ObamaCare's Insurance Exchange Nightmare


When the Supreme Court upheld ObamaCare as a tax last summer, President Obama may have thought he could breathe a little easier. But now with the implementation of the law, Obama is just beginning his war with the states that refuse to implement ObamaCare exchanges needed for the legislation to work properly or at least, quickly.
The Obama administration faces major logistical and financial challenges in creating health insurance exchanges for states that have declined to set up their own systems.

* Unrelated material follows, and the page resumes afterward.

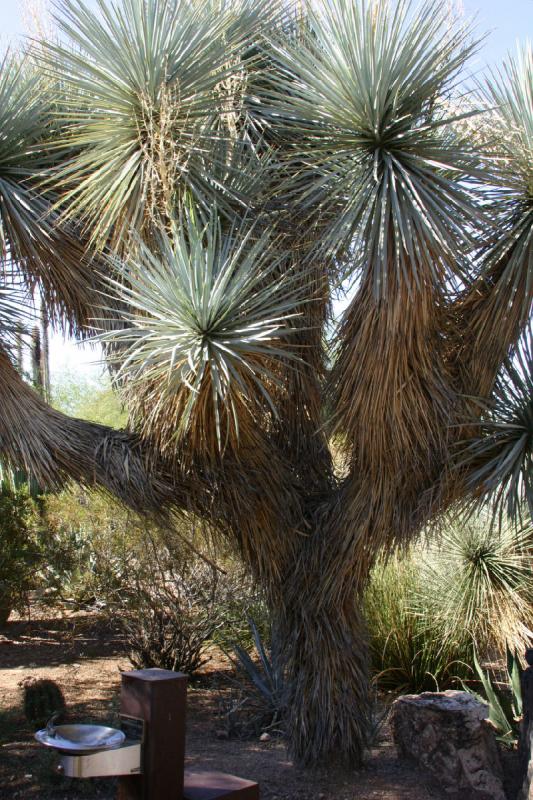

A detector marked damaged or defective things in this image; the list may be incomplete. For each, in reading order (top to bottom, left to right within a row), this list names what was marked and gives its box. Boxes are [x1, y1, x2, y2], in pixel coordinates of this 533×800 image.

rusted metal pillar [117, 668, 187, 800]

The exchanges were designed as the centerpiece of President Obama’s signature law, and are intended to make buying health insurance comparable to booking a flight or finding a compatible partner on Match.com.
Sixteen states — most of them governed by Republicans — have said they will not set up their own systems, forcing the federal government to come up with one instead.

Another five states said they want a federal-state partnership, while four others are considering partnerships.

It's a situation no one anticipated when the Affordable Care Act was written. The law assumed states would create and operate their own exchanges, and set aside billions in grants for that purpose.
Essentially, states denying the exchanges forces the feds to do the work, as they should considering it is a federal law that balloons state budgets.
The work of beginning to implement the exchanges comes just in time for the fiscal cliff. Speaker John Boehner and Majority Leader Eric Cantor have hinted ObamaCare may be on the table as a negotiating piece for a deal.
The president’s health care law adds a massive, expensive, unworkable government program at a time when our national debt already exceeds the size of our country’s entire economy. We can’t afford it, and we can’t afford to leave it intact. That’s why I’ve been clear that the law has to stay on the table as both parties discuss ways to solve our nation’s massive debt challenge.

Meanwhile, the majority of Americans still despise ObamaCare and want it repealed.
Fifty percent (50%) of Likely U.S. Voters favor repeal of President Obama’s national health care law, while 44% are opposed to repeal, according to a new Rasmussen Reports national telephone survey.